On the bright side for the economy, both January and February payrolls were revised higher, but the unemployment rate stayed at 6.7%.
"The numbers are OK, but they are not the boost that the policymakers had been hoping for, so the Fed will have to keep interest rates low for a considerable period of time, and that's what's been supporting gold," Axel Merk of Merk Funds told Reuters.
The question now is how much the unemployment picture can steer the Federal Reserve off its stimulus-tapering course. Earlier this week, Fed chief Janet Yellen delivered a dovish speech, pledging that the bank’s “extraordinary commitment is still needed.” One observer called it “one of the most dovish speeches I have ever read from a Federal Reserve official.”

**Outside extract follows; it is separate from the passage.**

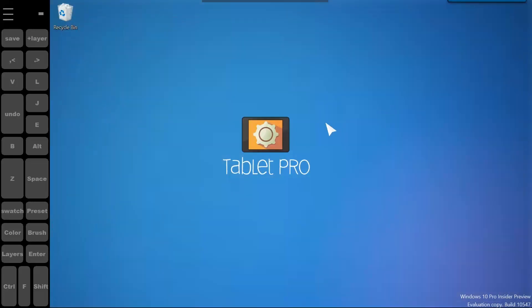Alright, good luck and send in those feature requests. Write us in the app store and tell all your friends about Tablet Pro.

Nonetheless, Jeffrey Wright of H.C. Wainwright doesn’t think the Fed will reverse its tapering policy, telling MarketWatch: “As far as I can tell, this ship has sailed. [The] FOMC had a chance to restrain [the] taper and chose not to in February and March, with worse data points than an 8,000 miss on jobs. I still expect FOMC to follow through with [its] communicated plan, continue tapering by $10 billion tranches until they are no longer purchasing assets each month.”

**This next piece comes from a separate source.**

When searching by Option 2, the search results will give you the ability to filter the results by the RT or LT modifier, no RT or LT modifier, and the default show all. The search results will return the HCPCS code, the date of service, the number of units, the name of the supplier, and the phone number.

That could be bad news for the stock market, which was jolted across the three major indexes Friday. The Nasdaq was down 2% on Friday afternoon for its worst day of the year, and the Dow Jones and the S&P 500 also were in the red.
Pessimism over the health of the stock market is growing despite recent intraday highs. Zero Hedge ran a chart from JP Morgan showing that the S&P 500 is more overvalued than it was in October 2007, before the Black Friday crash, and that the average S&P stock is 6.5% off its highs. Meanwhile, chatter is growing about a stock chart showing an eerie parallelbetween the current five-year-old bull market in the S&P 500 and the one that ended in 1987 with the October crash.
Heading into next week, gold investors are waiting to see whether bullion can build on its gains and hold the $1,300 level, either with a boost from further stock weakness or perhaps from simmering geopolitical tensions in Ukraine, the Koreas, and/or the South China Sea, with a retired Chinese general saying that war with Japan is becoming increasingly likely.